PROBLEM STATEMENT: Your response to the data below should hold nothing except the lines from the one containing "Szecessziós ablak, erkély" down to the one containing "Building Photo - 1623 Lamberton Lake Dr NE", reproduced exactly and without pictures.

DATA FOR THE TASK:

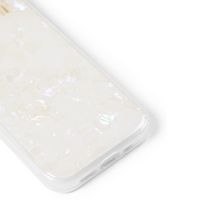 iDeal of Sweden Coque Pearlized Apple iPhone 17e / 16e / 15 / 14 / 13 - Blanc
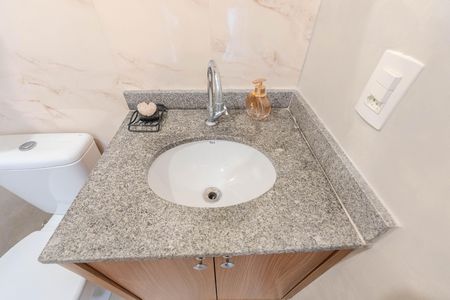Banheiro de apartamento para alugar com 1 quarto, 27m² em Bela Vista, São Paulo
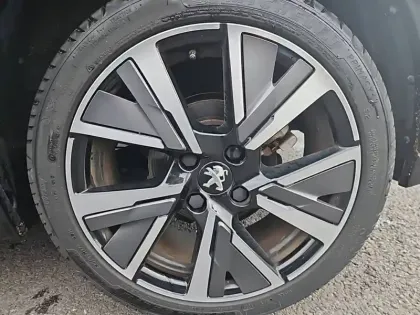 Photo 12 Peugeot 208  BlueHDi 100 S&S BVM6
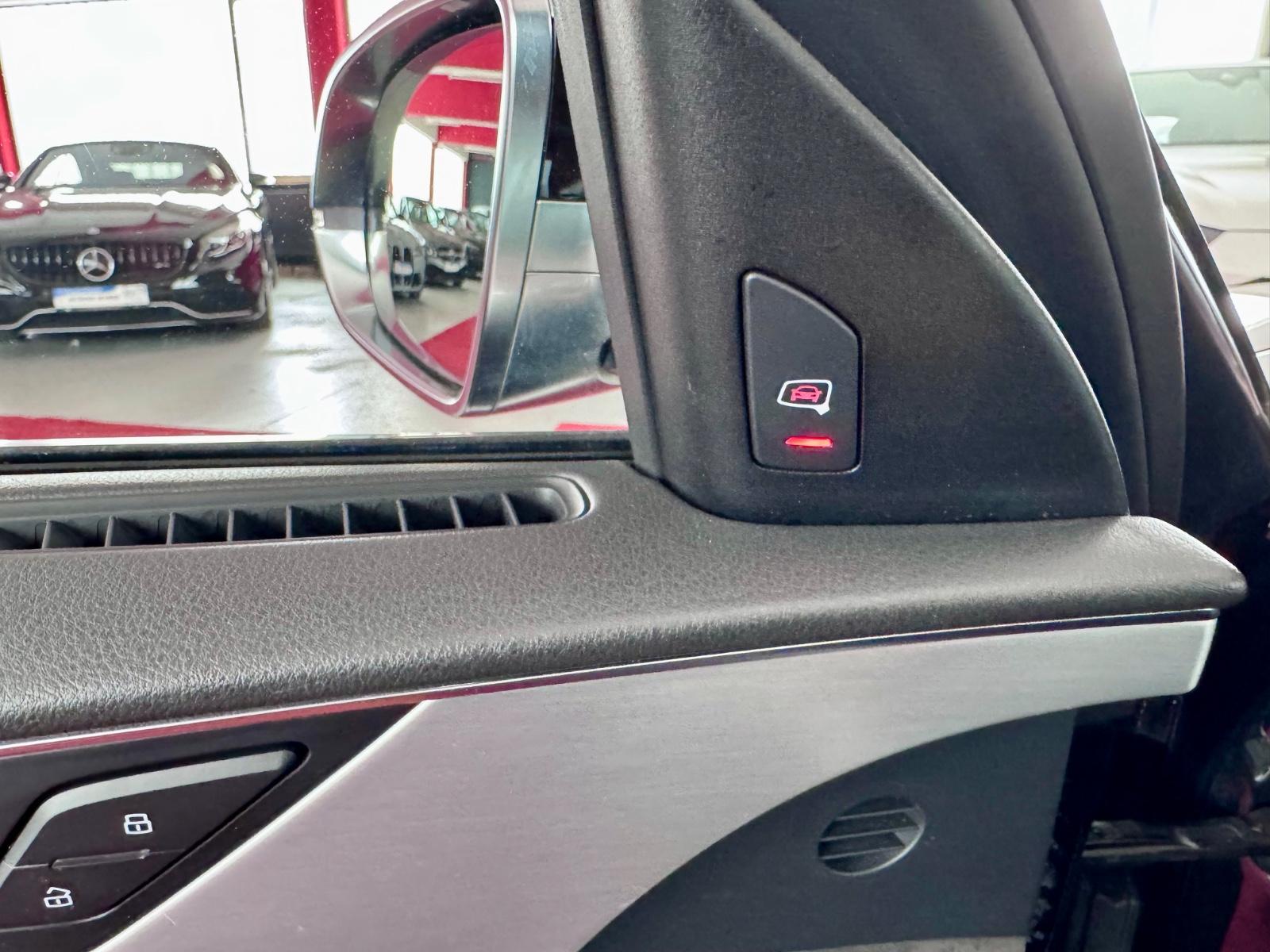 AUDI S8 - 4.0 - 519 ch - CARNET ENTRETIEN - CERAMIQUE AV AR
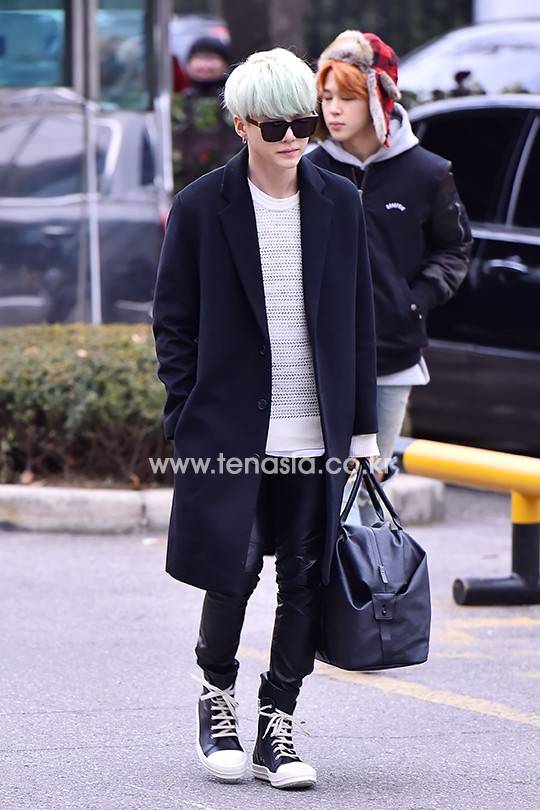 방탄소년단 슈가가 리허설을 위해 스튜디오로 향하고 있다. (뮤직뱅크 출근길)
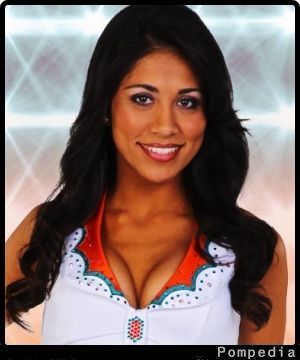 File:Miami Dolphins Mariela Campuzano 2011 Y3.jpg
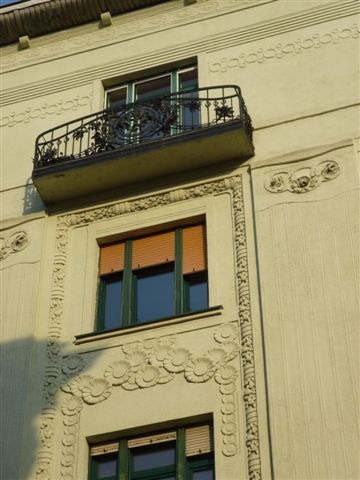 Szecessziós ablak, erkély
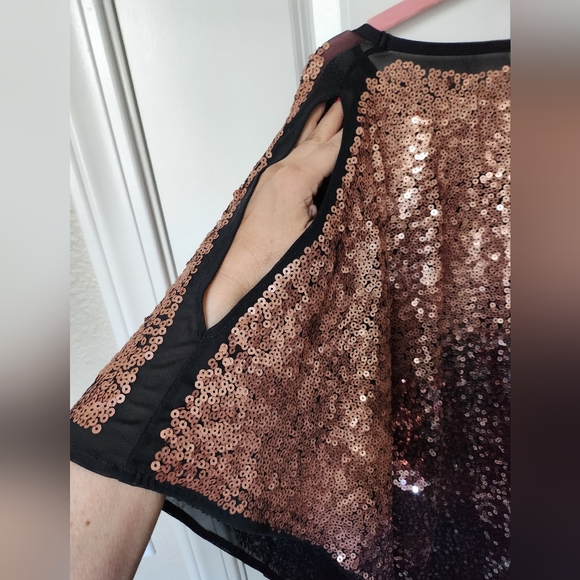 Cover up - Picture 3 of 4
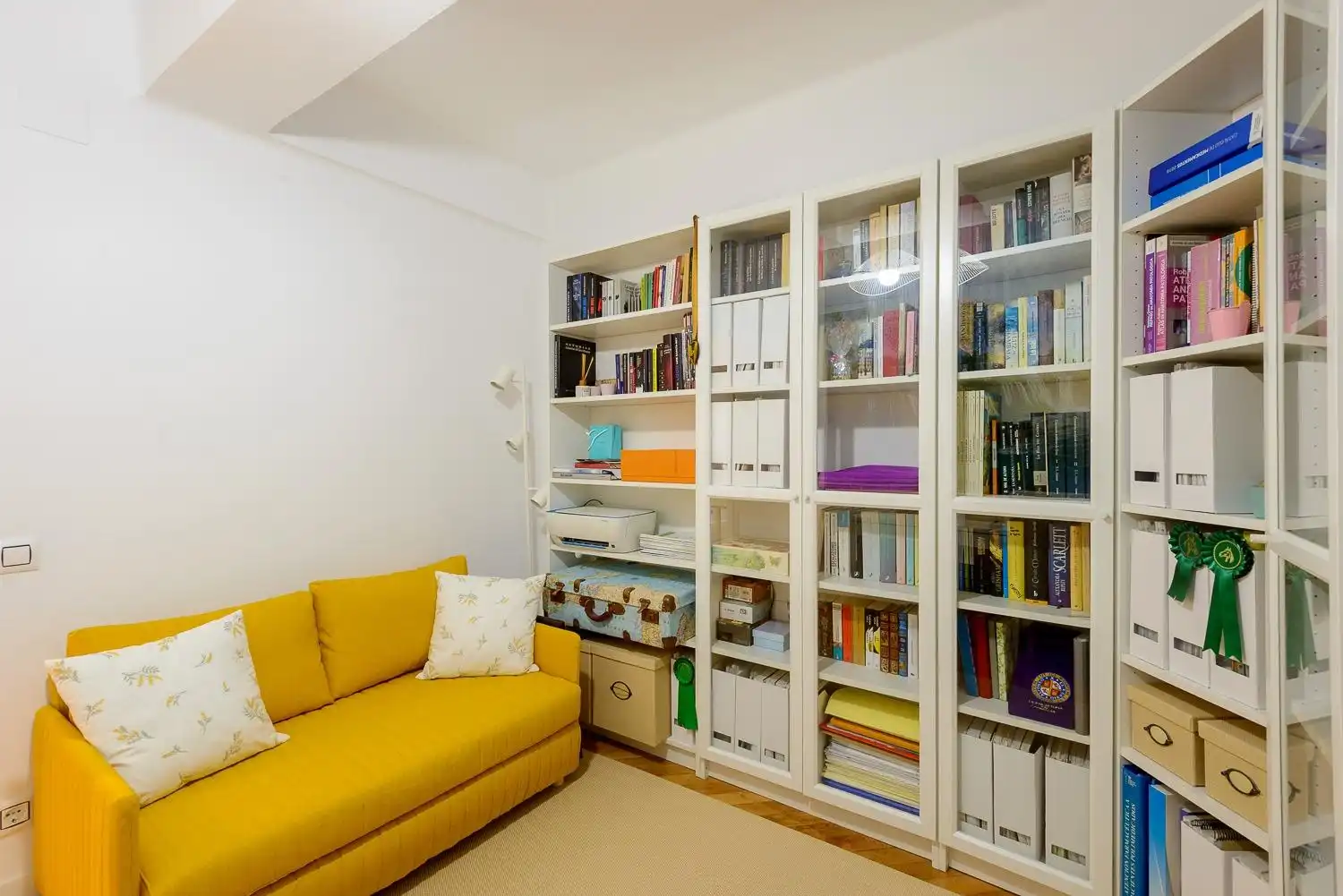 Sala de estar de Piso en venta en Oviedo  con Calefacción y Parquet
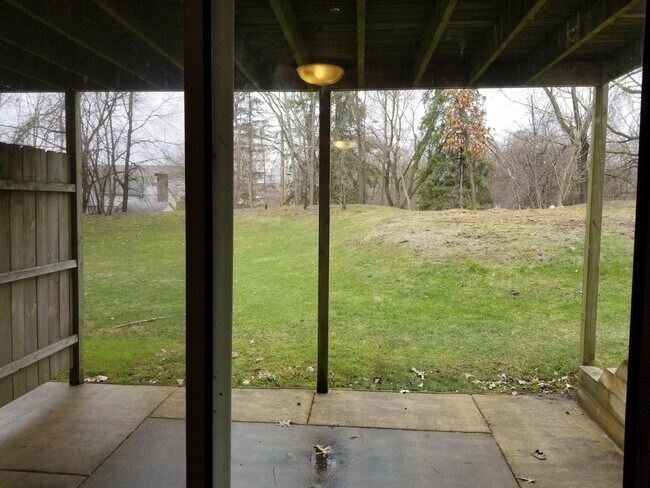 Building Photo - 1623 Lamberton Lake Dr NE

---

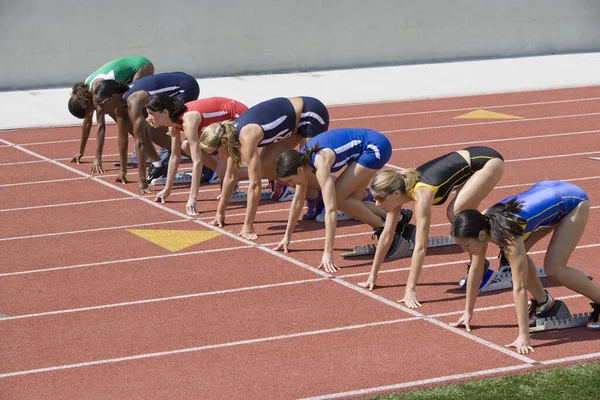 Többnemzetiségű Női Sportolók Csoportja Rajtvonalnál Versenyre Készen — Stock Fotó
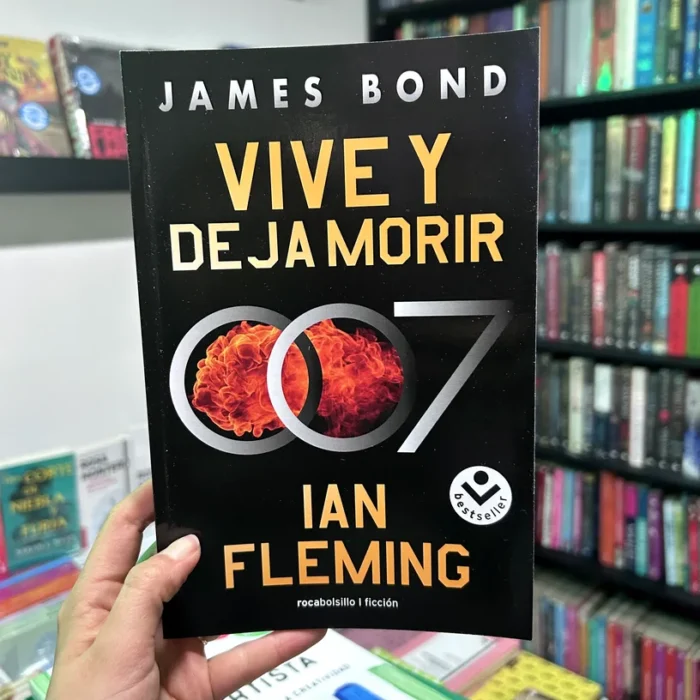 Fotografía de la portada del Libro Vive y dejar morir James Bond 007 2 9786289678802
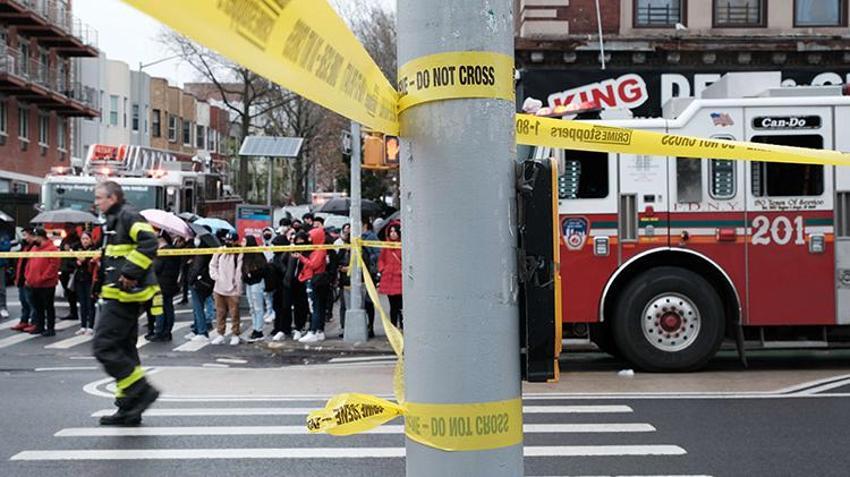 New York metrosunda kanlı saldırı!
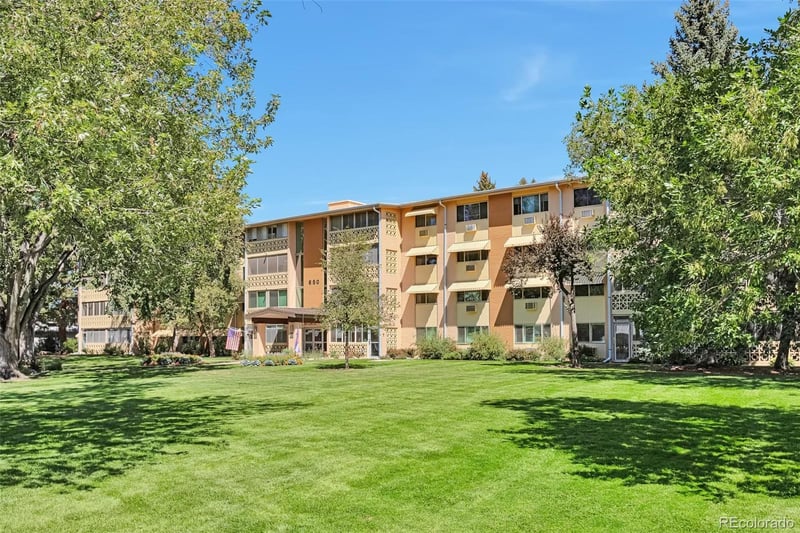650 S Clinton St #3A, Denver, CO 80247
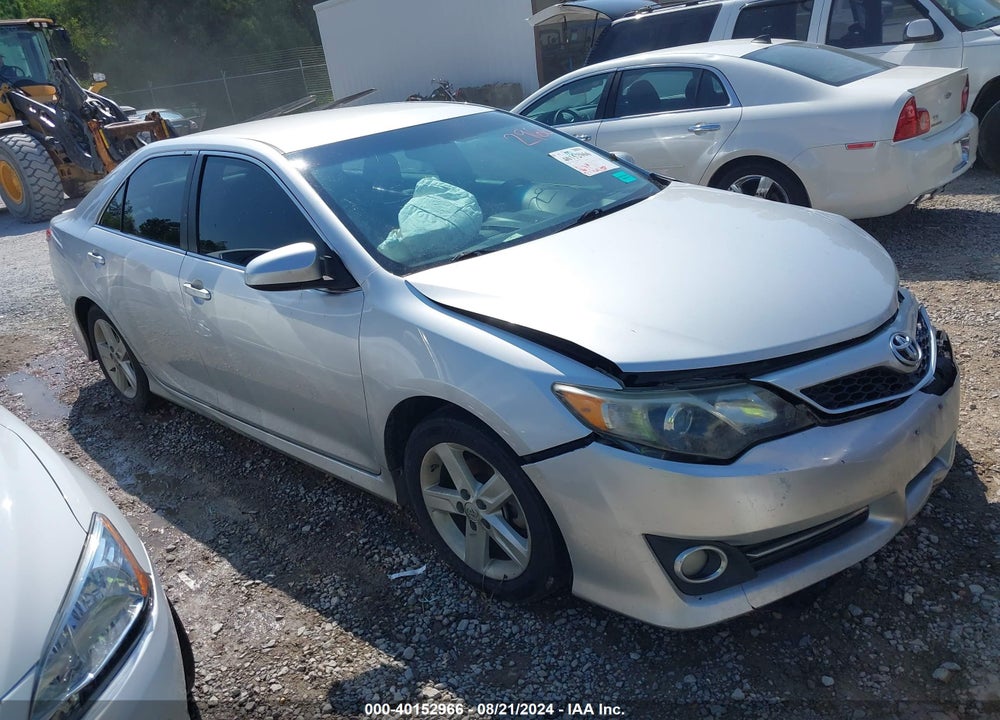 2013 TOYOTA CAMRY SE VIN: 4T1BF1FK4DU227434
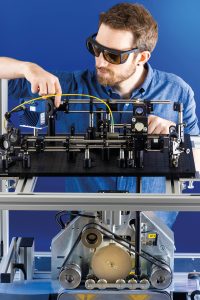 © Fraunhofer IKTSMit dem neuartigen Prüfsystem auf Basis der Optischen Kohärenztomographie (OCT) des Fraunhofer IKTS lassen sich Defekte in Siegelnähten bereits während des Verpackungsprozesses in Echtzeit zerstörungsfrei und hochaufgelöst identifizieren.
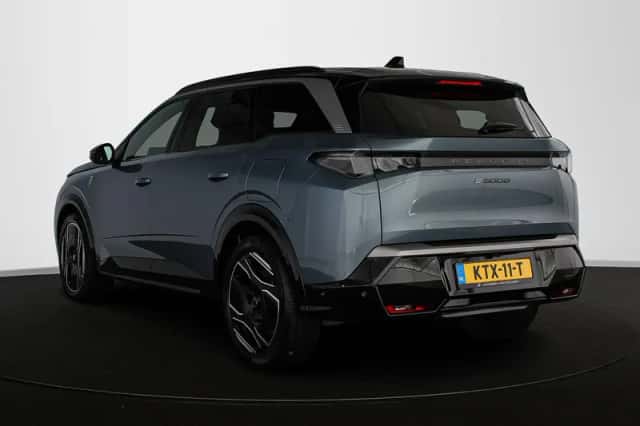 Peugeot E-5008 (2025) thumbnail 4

...

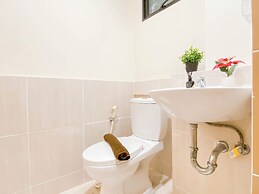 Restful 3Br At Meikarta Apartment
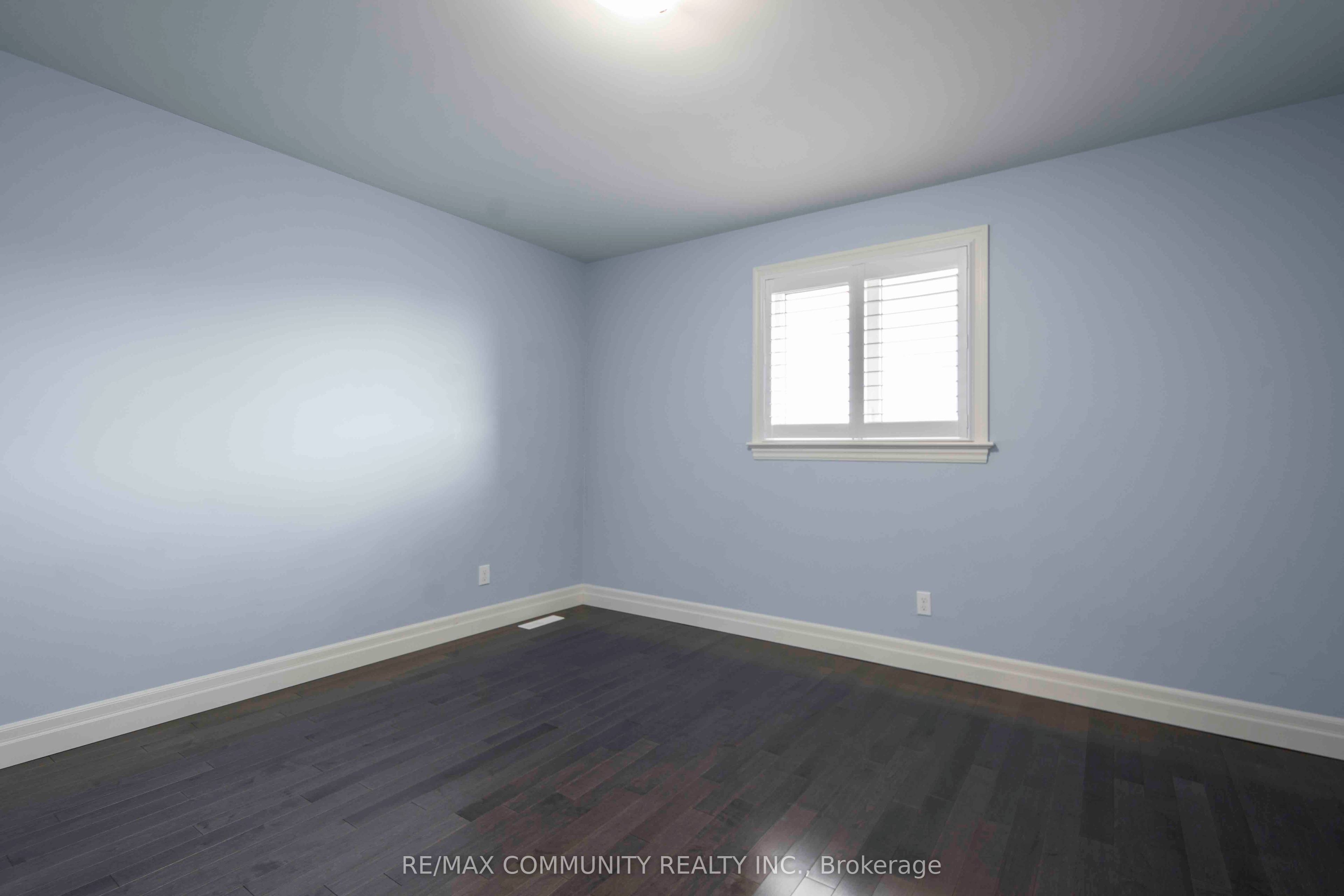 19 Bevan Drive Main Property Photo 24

RESULT FOR THIS TASK:
 Szecessziós ablak, erkély
 Cover up - Picture 3 of 4
 Sala de estar de Piso en venta en Oviedo  con Calefacción y Parquet
 Building Photo - 1623 Lamberton Lake Dr NE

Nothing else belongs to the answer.